To solve the problem of a light ray incident at an angle of \( 45^\circ \) on a glass slab that is \( 3 \, \text{cm} \) thick with a refractive index of \( 1.5 \), we can follow these steps: ### Step 1: Determine the angle of refraction using Snell's Law Snell's Law states that: \[ n_1 \sin i = n_2 \sin r \] Where: - \( n_1 = 1 \) (refractive index of air) - \( n_2 = 1.5 \) (refractive index of glass) - \( i = 45^\circ \) (angle of incidence) - \( r \) is the angle of refraction Substituting the values: \[ 1 \cdot \sin(45^\circ) = 1.5 \cdot \sin(r) \] \[ \sin(45^\circ) = \frac{\sqrt{2}}{2} \] Thus, \[ \frac{\sqrt{2}}{2} = 1.5 \cdot \sin(r) \] \[ \sin(r) = \frac{\sqrt{2}}{3} \] Now, we can find the angle \( r \) using the inverse sine function. ### Step 2: Calculate the displacement of the ray The displacement \( d \) of the ray as it passes through the slab can be calculated using the formula: \[ d = t \cdot \sin(i - r) \] Where: - \( t = 3 \, \text{cm} \) (thickness of the slab) - \( i = 45^\circ \) - \( r \) is the angle of refraction calculated in Step 1. ### Step 3: Calculate the angle of emergence Since the ray emerges from the slab, it will again follow Snell's Law.
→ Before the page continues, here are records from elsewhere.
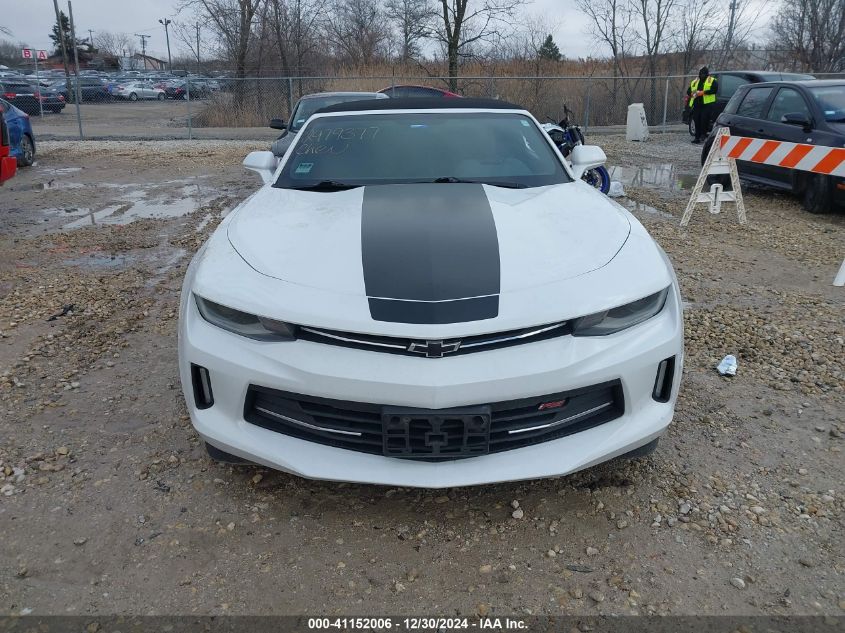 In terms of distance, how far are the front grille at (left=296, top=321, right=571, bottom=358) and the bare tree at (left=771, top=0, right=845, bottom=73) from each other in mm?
29530

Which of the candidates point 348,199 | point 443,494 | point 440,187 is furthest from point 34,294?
point 443,494

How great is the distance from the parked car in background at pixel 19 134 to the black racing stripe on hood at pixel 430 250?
10881 mm

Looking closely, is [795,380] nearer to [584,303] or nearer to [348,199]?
[584,303]

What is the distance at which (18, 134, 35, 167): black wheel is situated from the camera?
12375 millimetres

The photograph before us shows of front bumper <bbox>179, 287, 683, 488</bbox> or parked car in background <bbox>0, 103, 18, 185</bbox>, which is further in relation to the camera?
parked car in background <bbox>0, 103, 18, 185</bbox>

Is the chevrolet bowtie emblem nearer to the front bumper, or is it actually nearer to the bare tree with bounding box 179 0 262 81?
the front bumper

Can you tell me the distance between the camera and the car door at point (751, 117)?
9453 mm

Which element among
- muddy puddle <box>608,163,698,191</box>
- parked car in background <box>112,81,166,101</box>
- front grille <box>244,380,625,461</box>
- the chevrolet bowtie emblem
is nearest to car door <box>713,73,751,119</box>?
muddy puddle <box>608,163,698,191</box>

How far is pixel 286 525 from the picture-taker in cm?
264

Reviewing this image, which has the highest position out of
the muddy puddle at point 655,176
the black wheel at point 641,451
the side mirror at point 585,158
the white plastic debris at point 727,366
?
the side mirror at point 585,158

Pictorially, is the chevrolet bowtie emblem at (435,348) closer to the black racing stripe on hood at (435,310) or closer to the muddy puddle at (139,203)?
the black racing stripe on hood at (435,310)

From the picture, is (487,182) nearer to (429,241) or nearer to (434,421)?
(429,241)

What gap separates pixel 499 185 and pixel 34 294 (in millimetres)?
3865

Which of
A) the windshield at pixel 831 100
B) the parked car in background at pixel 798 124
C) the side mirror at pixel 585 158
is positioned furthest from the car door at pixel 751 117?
the side mirror at pixel 585 158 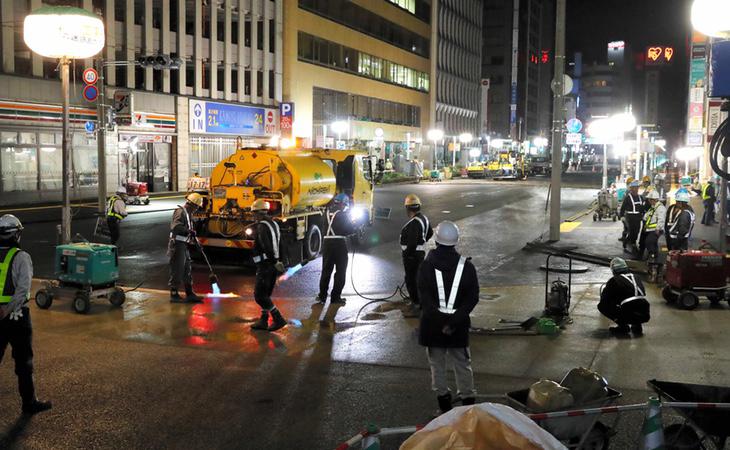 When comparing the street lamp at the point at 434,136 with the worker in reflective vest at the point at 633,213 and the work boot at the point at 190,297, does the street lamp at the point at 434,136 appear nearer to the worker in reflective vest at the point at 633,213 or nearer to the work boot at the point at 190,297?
the worker in reflective vest at the point at 633,213

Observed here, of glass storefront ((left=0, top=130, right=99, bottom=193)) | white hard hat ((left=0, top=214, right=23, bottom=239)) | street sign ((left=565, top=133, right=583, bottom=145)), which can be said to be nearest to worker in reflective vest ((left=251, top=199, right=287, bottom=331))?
white hard hat ((left=0, top=214, right=23, bottom=239))

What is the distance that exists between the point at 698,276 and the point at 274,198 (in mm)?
9045

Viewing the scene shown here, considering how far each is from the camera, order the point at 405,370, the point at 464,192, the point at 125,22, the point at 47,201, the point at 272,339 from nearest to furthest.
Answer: the point at 405,370 → the point at 272,339 → the point at 47,201 → the point at 125,22 → the point at 464,192

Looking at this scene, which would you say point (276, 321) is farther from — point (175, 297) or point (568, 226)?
point (568, 226)

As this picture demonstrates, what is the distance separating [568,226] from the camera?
84.4ft

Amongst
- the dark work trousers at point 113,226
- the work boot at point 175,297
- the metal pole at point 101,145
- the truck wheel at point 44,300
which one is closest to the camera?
the truck wheel at point 44,300

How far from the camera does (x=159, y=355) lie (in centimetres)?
924

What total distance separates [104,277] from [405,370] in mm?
5803

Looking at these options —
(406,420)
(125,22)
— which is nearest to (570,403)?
(406,420)

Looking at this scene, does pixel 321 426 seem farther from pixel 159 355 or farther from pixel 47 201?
pixel 47 201

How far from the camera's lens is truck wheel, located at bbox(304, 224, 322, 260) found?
18062 millimetres

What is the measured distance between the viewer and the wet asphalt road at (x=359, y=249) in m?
15.4

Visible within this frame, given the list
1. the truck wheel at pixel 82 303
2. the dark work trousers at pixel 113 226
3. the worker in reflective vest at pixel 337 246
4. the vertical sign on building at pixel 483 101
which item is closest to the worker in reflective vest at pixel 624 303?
the worker in reflective vest at pixel 337 246

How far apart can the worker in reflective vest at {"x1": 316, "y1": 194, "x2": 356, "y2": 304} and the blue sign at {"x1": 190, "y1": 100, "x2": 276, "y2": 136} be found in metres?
32.8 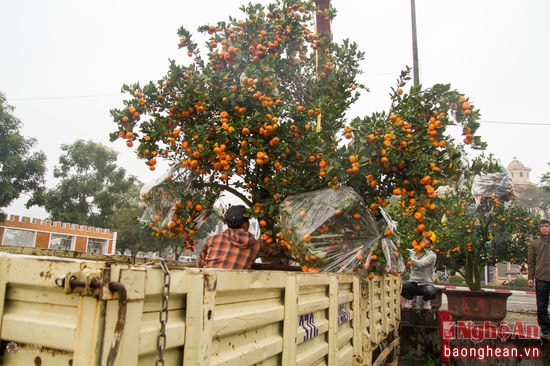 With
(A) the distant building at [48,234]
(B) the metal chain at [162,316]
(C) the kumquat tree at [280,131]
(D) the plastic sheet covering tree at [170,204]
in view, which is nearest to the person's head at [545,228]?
(C) the kumquat tree at [280,131]

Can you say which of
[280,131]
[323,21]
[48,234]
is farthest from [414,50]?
[48,234]

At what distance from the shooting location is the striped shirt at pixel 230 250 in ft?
12.2

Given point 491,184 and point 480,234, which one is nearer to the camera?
point 491,184

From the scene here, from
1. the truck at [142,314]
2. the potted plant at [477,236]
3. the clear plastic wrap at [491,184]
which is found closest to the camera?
the truck at [142,314]

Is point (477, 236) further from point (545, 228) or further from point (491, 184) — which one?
point (545, 228)

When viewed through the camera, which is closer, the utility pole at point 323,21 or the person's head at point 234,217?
the person's head at point 234,217

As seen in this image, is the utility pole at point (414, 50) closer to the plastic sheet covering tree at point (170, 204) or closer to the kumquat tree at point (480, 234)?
→ the kumquat tree at point (480, 234)

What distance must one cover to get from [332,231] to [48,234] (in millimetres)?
29590

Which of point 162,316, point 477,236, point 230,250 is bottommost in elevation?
point 162,316

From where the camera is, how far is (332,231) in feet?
13.9

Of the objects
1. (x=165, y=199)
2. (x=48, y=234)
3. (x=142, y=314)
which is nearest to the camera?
(x=142, y=314)

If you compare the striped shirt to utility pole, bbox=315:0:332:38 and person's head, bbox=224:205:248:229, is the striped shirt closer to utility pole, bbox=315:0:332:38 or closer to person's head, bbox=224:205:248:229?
person's head, bbox=224:205:248:229

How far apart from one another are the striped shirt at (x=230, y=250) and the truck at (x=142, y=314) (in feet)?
4.29

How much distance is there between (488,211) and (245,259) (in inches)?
268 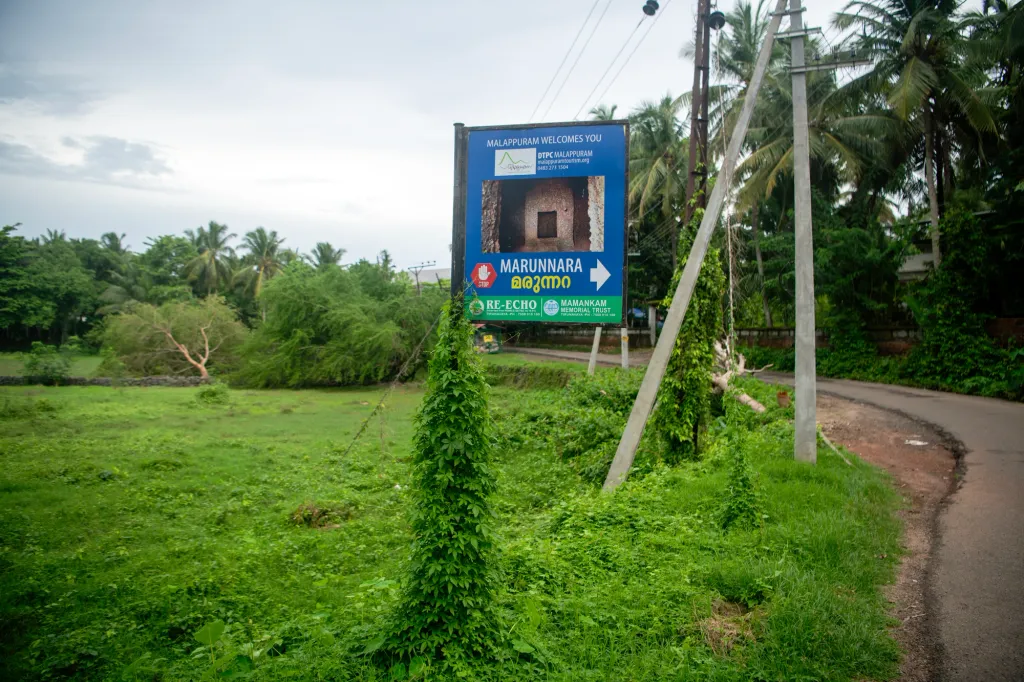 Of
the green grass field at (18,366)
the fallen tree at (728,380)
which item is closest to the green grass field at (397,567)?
the fallen tree at (728,380)

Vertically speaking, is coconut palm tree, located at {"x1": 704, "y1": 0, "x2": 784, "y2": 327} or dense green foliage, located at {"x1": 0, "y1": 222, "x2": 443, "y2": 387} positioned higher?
coconut palm tree, located at {"x1": 704, "y1": 0, "x2": 784, "y2": 327}

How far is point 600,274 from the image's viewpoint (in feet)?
20.0

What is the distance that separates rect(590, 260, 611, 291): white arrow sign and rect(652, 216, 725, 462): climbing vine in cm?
382

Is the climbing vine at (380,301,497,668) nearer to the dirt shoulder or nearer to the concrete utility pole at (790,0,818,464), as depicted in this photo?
the dirt shoulder

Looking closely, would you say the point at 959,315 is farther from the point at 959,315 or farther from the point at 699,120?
the point at 699,120

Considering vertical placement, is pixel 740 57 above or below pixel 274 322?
above

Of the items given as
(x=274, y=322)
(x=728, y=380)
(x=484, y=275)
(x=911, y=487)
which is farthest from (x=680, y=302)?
(x=274, y=322)

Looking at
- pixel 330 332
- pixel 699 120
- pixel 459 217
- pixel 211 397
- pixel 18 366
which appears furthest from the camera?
pixel 330 332

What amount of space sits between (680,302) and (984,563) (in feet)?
13.7

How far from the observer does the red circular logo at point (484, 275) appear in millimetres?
6188

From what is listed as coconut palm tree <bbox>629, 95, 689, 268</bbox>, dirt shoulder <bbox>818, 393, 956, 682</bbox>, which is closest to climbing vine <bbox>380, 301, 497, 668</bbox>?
dirt shoulder <bbox>818, 393, 956, 682</bbox>

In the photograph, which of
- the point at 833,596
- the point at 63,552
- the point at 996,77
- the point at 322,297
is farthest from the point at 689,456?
the point at 996,77

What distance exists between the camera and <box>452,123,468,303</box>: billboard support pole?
16.6ft

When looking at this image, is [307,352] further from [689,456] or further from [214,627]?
[214,627] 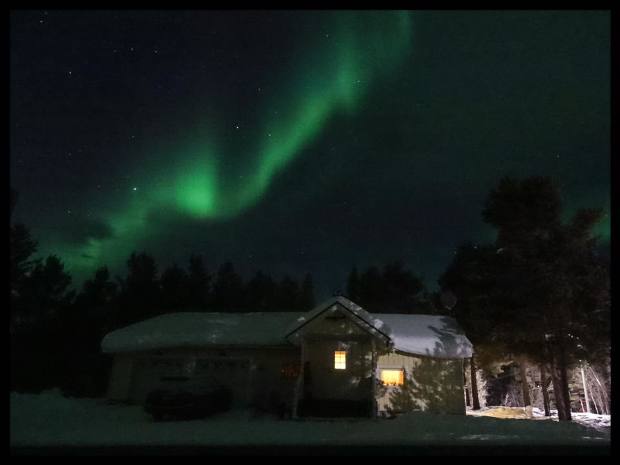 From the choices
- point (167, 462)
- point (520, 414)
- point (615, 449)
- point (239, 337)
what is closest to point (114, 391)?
point (239, 337)

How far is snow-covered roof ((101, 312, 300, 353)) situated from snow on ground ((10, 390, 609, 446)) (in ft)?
11.7

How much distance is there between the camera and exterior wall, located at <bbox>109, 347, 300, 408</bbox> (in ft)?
68.4

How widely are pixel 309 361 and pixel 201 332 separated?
20.7 feet

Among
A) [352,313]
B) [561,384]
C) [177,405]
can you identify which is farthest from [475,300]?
[177,405]

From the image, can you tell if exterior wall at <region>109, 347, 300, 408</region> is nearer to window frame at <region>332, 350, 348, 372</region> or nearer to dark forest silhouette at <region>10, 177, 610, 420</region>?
window frame at <region>332, 350, 348, 372</region>

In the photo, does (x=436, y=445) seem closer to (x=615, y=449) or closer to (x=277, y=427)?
(x=615, y=449)

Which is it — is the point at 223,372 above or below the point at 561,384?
above

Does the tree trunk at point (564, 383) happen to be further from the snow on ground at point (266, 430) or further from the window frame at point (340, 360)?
the window frame at point (340, 360)

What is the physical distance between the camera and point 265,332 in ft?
72.2

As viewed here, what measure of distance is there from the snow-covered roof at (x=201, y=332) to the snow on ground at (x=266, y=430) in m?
3.57

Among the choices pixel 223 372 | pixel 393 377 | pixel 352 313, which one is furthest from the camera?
Answer: pixel 223 372

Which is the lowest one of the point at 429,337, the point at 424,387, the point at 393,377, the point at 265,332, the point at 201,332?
the point at 424,387

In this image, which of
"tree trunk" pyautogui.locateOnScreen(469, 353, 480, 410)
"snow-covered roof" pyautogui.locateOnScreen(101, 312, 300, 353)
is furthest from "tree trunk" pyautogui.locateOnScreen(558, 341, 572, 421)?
"snow-covered roof" pyautogui.locateOnScreen(101, 312, 300, 353)

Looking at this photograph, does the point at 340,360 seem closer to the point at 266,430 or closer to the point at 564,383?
the point at 266,430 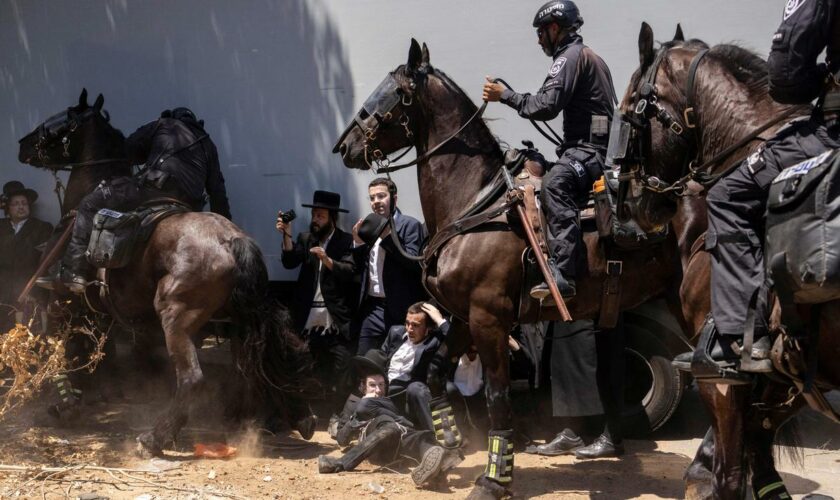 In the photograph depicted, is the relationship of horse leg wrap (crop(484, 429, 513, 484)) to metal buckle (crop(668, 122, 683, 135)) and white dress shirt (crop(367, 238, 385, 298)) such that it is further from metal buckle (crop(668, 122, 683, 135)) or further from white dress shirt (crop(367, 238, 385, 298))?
white dress shirt (crop(367, 238, 385, 298))

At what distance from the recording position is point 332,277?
27.8ft

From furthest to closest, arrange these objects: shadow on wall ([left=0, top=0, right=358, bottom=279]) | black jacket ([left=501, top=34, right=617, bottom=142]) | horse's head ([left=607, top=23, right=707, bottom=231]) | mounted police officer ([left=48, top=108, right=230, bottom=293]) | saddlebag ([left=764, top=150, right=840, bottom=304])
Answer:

The angle of emergence will be equal to the angle of incidence at the first surface due to the symmetry of the situation: \[ \text{Angle of emergence} = i = 45^\circ \] ### Final Calculation 1. **Calculate \( r \)**: \[ r = \sin^{-1}\left(\frac{\sqrt{2}}{3}\right) \] (Use a calculator to find the value of \( r \)) 2. **Calculate the displacement \( d \)**: \[ d = 3 \cdot \sin(45^\circ - r) \] (Substitute the value of \( r \) to find \( d \)) ### Summary of Results - The displacement \( d \) can be calculated using the above formula. - The angle of emergence is \( 45^\circ \).